What to work on: Your output should be exactly the lines from the one containing "Airlie Central Apartments" through the final line of the following data, please, with no pictures.

[Captioned web images]
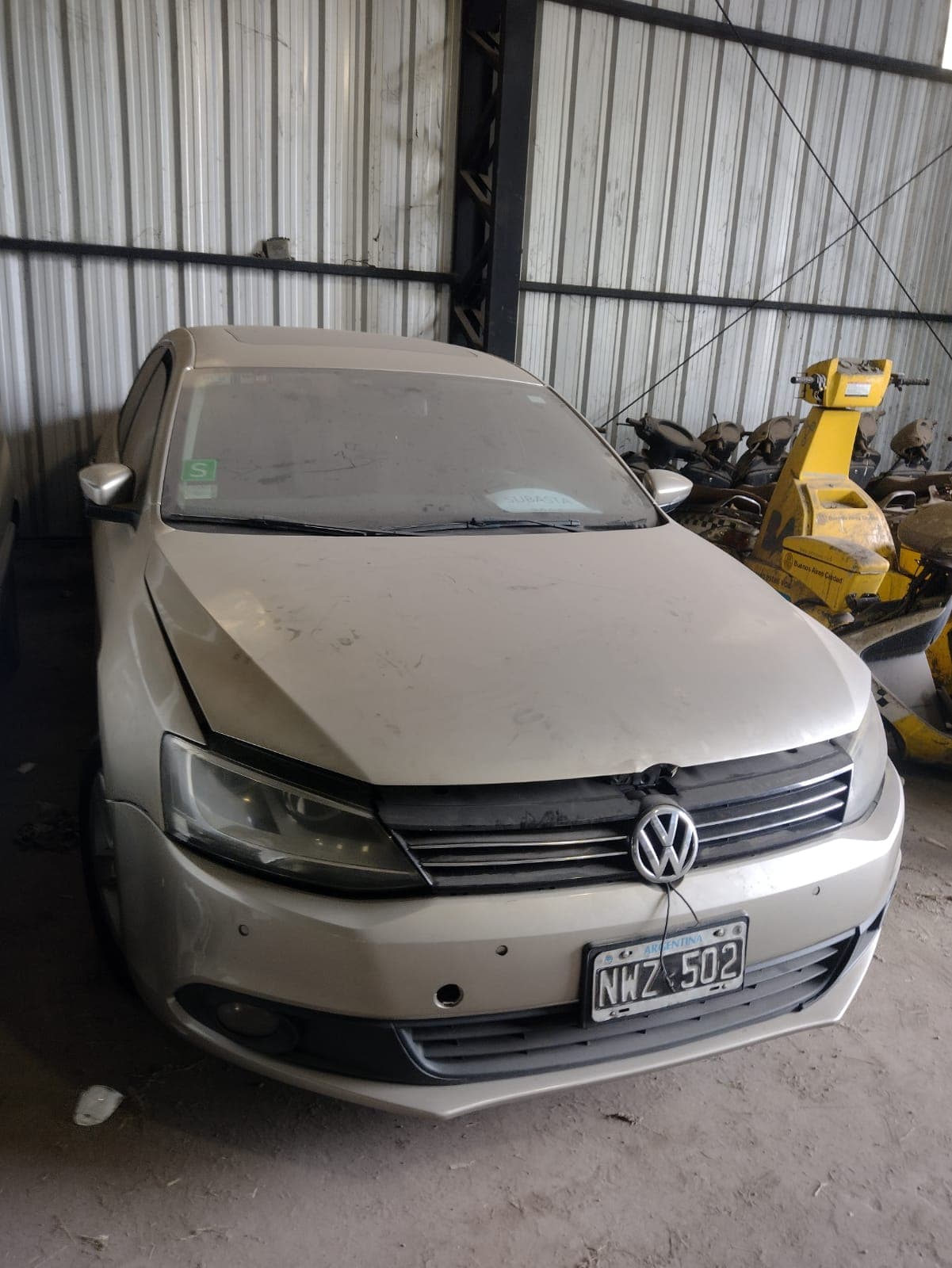 UN AUTOMOVIL, USADO, SIN FUNCIONAR, MARCA VOLKSWAGEN, MODELO VENTO 2.5, MOTOR NRO. CBT394223, CHASIS NRO. 3VWBG616XEM025595, MODELO AÑO 2014, TIPO SEDN 4 PUERTAS. POSEE: SISTEMA DE INYECCION DE COMBUSTIBLE, ALTERNADOR, BOMBA DE NAFTA, MOTOR DE ARRANQUE, DISTRIBUIDOR, ADIADOR, SERVO FRENO, CLIMATIZADOR, CALEFACTOR, RADIO CON CD, TECHO CORREDIZO, ALZA CRISTALES ELECTRICO DELANTEROS Y TRASETROS, ESPEJOS ELECTRICOS, CIERRE CENTRALIZADO, AIR BAG, FAROS HALOGENOS, LLANTAS DE ALEACION, CAJA DE VELOCIDADES, DIFERENCIAL, DIRECCION ASISTIDA Y CUATRO RUEDAS ARMADAS CON CUBIERTAS DE MOVIMIENTO. CON DETERIOROS GENERALES, AVERIAS DESRMES E INCOMPLETO. DOMIIO NWZ502. NAFTERO.-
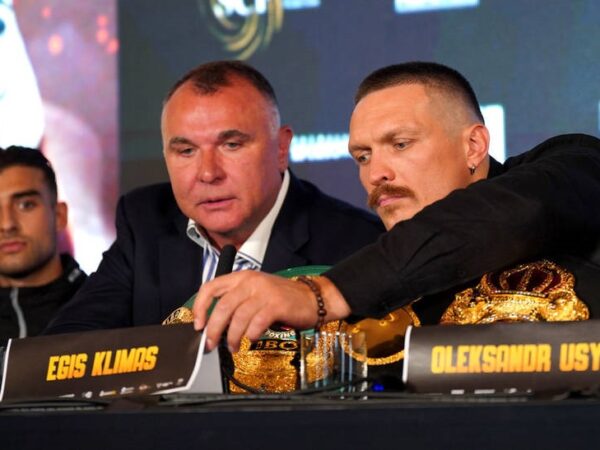 Новини спорту - Менеджер висловився про чутки щодо трилогії Усик - Ф’юрі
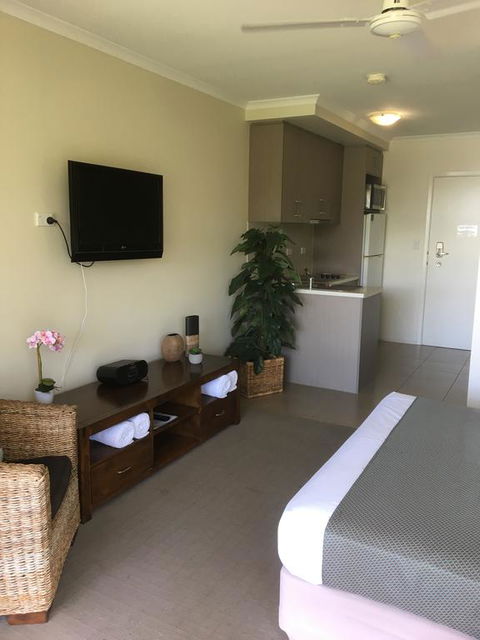 Airlie Central Apartments - Accommodation Whitsundays 0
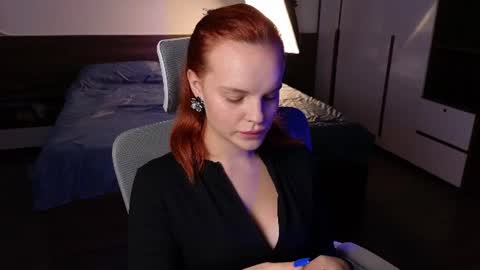 Molly online show from August 15, 2:04 am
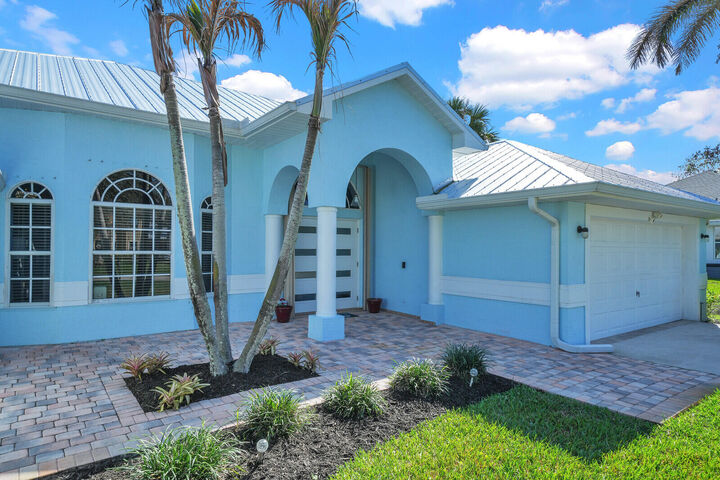 Property Photo: 184 SE Osprey Ridge FL 34984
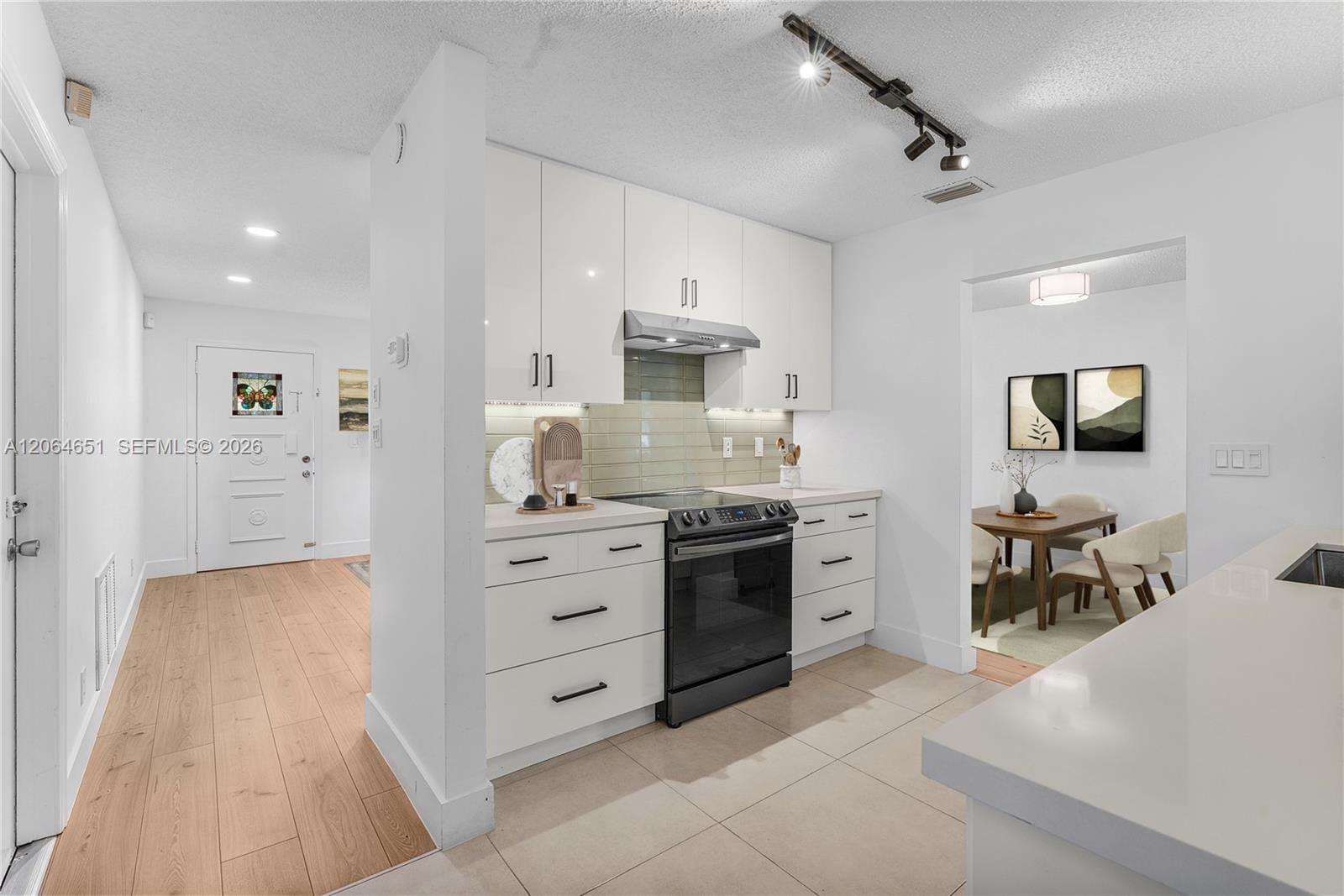 8830 NW 17th Street — photo 3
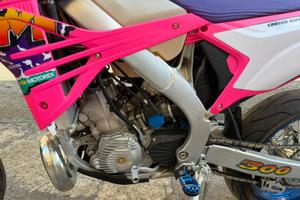 TM 300 supermotard PINK EDITION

Expected answer:
 Airlie Central Apartments - Accommodation Whitsundays 0
 Molly online show from August 15, 2:04 am
 Property Photo: 184 SE Osprey Ridge FL 34984
 8830 NW 17th Street — photo 3
 TM 300 supermotard PINK EDITION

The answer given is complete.